小笠原のサヨナラ

 椎名誠さんは日本各地・世界各地を旅している作家ですが、『続 大きな約束』の中に小笠原(父島、母島)へ行った話がありました。そこで印象的だったのは、島から本土へ帰るときの「サヨナラ」の仕方でした。連絡船「おがさわら丸」が本土へ向けて出航していくときに、島中のプレジャーボートや船足の速い漁船などに島の人が乗って「サヨナラ」を言いながら互いに速度を速め暫く併走するというのが島の別れのキマリのようになっていて、多いときには20艘ぐらいが「おがさわら丸」の左右についてくるのだそうです。そして、もうここまで、というときに船のデッキにいる見送りの人たちが、それぞれ見事なダイビングの技を見せながら盛大に海中に飛び込むのだそうです。その間に見送られる側は、彼らから出航前に首に掛けてもらった本当の島の花で作られたレイを海の中に投げ込みます。そうするとまたこの島に戻ってこられるという「海の約束」があるのだそうです。

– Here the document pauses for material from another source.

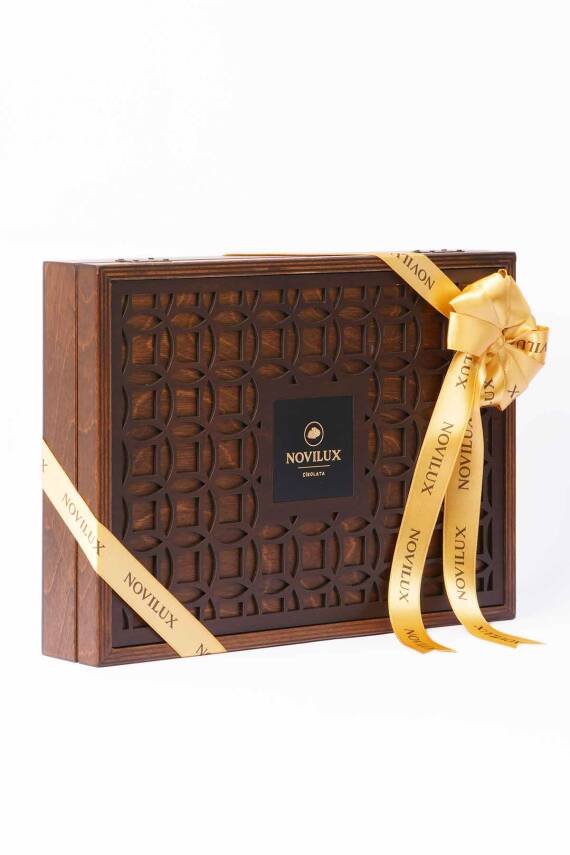 Ahşap Hediyelik Premium Kutu 1.700 Gr - 5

 YOUTUBEを検索したら観光客がダイブの様子を撮影した動画がたくさんありました。そのうちのわりと短めなものを貼り付けておきますので御覧ください。
 この動画では、「おお〜っ!」などど歓声があがり、随分と明るい雰囲気になってます。でも、もし自分が見送られる側として船に乗っていて、こういうシーンを目の当たりにしたら、感極まって泣いちゃうだろうなと思います。